Politecnico di Torino, Corso Duca degli Abruzzi 24, 10129, Turin, Italy.
Scuola Superiore Meridionale, Largo S. Marcellino 10, 80138, Naples, Italy.
Sci Rep. 2022 Jun 3;12(1):9275. doi: 10.1038/s41598-022-12442-8.
Never before such a vast amount of data, including genome sequencing, has been collected for any viral pandemic than for the current case of COVID-19. This offers the possibility to trace the virus evolution and to assess the role mutations play in its spread within the population, in real time. To this end, we focused on the Spike protein for its central role in mediating viral outbreak and replication in host cells.
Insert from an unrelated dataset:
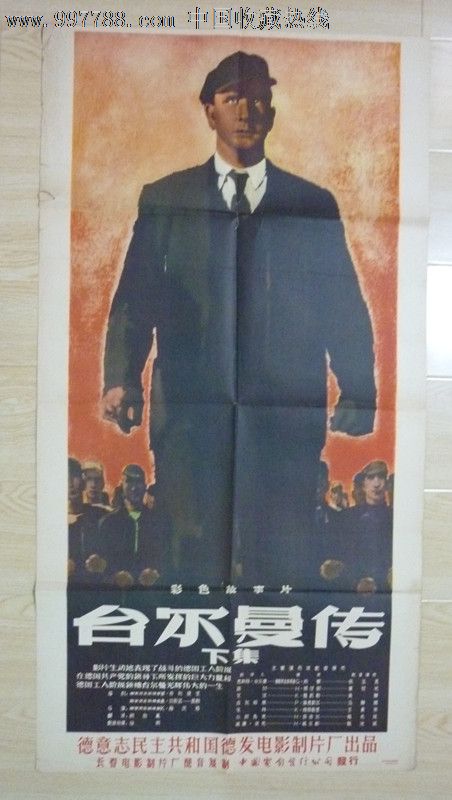 哪里可以办日本美作大學学位证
Employing the Levenshtein distance on the Spike protein sequences, we designed a machine learning algorithm yielding a temporal clustering of the available dataset. From this, we were able to identify and define emerging persistent variants that are in agreement with known evidences. Our novel algorithm allowed us to define persistent variants as chains that remain stable over time and to highlight emerging variants of epidemiological interest as branching events that occur over time. Hence, we determined the relationship and temporal connection between variants of interest and the ensuing passage to dominance of the current variants of concern. Remarkably, the analysis and the relevant tools introduced in our work serve as an early warning for the emergence of new persistent variants once the associated cluster reaches 1% of the time-binned sequence data. We validated our approach and its effectiveness on the onset of the Alpha variant of concern. We further predict that the recently identified lineage AY.4.2 ('Delta plus') is causing a new emerging variant. Comparing our findings with the epidemiological data we demonstrated that each new wave is dominated by a new emerging variant, thus confirming the hypothesis of the existence of a strong correlation between the birth of variants and the pandemic multi-wave temporal pattern. The above allows us to introduce the epidemiology of variants that we described via the Mutation epidemiological Renormalisation Group framework.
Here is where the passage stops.